Does this possibility mean that the SCC Decision is necessarily invalid? The Court held not. Unlike an adequacy agreement which necessarily relates to a particular place, the SCC decision does not. The SCCs therefore may require supplementing to deal with issues in individual cases.  Moreover, the SCC Decision includes effective mechanisms that make it possible to ensure compliance with EU standards [para 137].  Specifically, the SCC Decision imposes an obligation on a data exporter and the recipient of the data to verify, prior to any transfer, whether that level of protection is respected  in the third  country  concerned. The recipient of the data must inform the data controller of any inability to comply with the SCCs, at which point the data controller is obliged to suspend transfers and/or terminate the contract. The SCC Decision is therefore valid; the implications of this in practice for this case were not drawn out. The Court in the end held that

…. unless there is a valid European Commission adequacy decision, the competent supervisory authority is required to suspend or prohibit a transfer of data to a third country pursuant to standard data protection clauses adopted by the Commission, if, in the view of that supervisory authority and in the light of all the circumstances of that transfer, those clauses are not or cannot be complied with in that third country and the protection of the data transferred that is required by EU law, in particular by Articles 45 and 46 of that regulation and by the Charter of Fundamental Rights, cannot be ensured by other means, where the controller or a processor has not itself suspended or put an end to the transfer [operative ground 3].

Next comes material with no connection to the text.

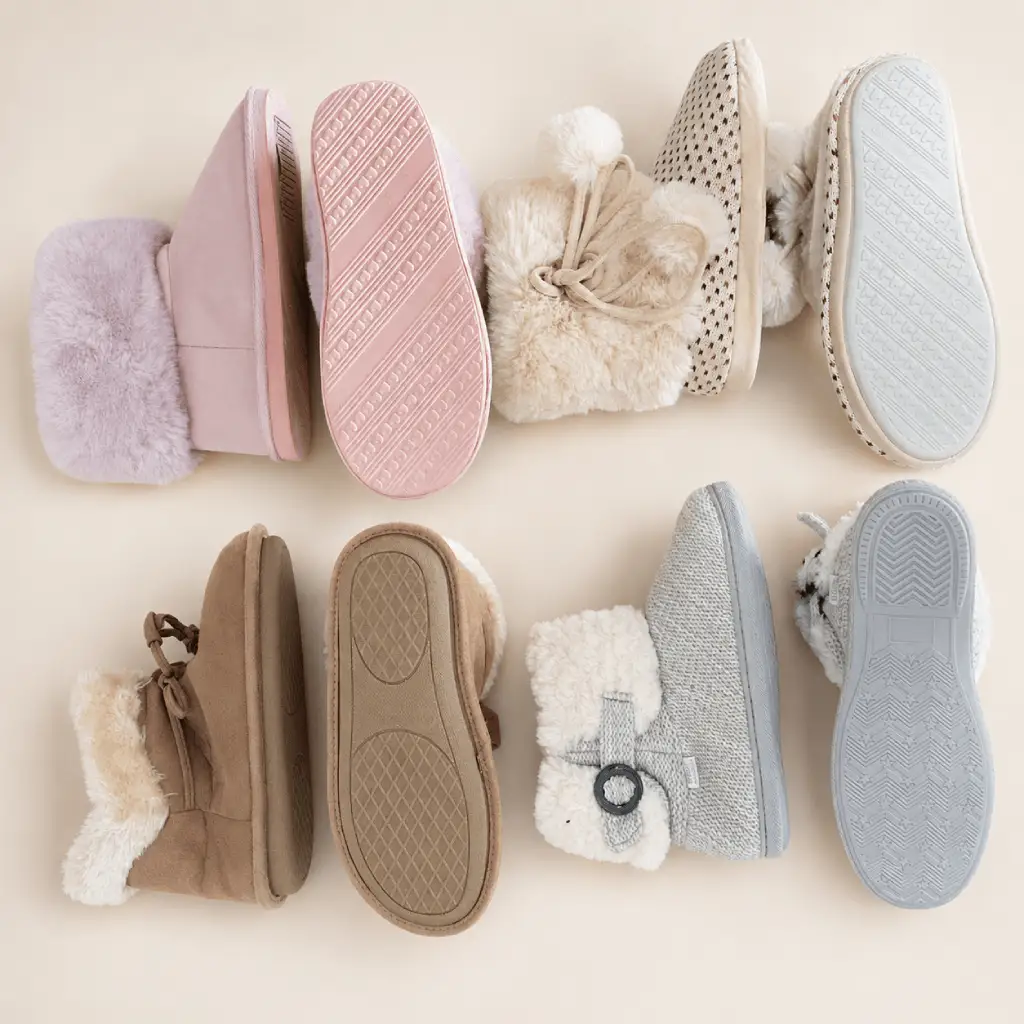 Slipper boots shown from side and outsole views for tread thickness and construction review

The existence of an adequacy decision is then key. Turning to the Privacy Shield Decision, the Court set the same analytical framework, emphasising the GDPR is understood in the light of the Charter and the rights to private life, to data protection and to an effective remedy. In assessing the decision, the Court noted that it awards primacy to the requirements of US national security, public interest and law enforcement, which the Court interpreted as condoning interference with the fundamental rights of persons whose data are transferred.  In the view of the Court, access and use of personal data by US authorities are not limited in a way that is essentially equivalent to EU law – the surveillance programmes are not limited to what is strictly necessary and are disproportionate. Further, data subjects are not granted rights to take action before the courts against US authorities. The Ombudsperson mechanism, introduced by the Privacy Shield Decision as an improvement on the position under safe harbour, is insufficient.  The Court therefore declared the Privacy Shield invalid.

Comment

The most obvious consequence of this ruling is that of how data transfers to the US can continue? The Privacy Shield is no more, and its demise has consequences for the operations of SCCs in practice. Given the weaknesses in the general legal system from the perspective of the Court of Justice, weaknesses over which the data controller/exporter can have little control, how can the requirements to individually assess adequacy be satisfied?  Are there, however, any other mechanism on which data transfers could be carried out?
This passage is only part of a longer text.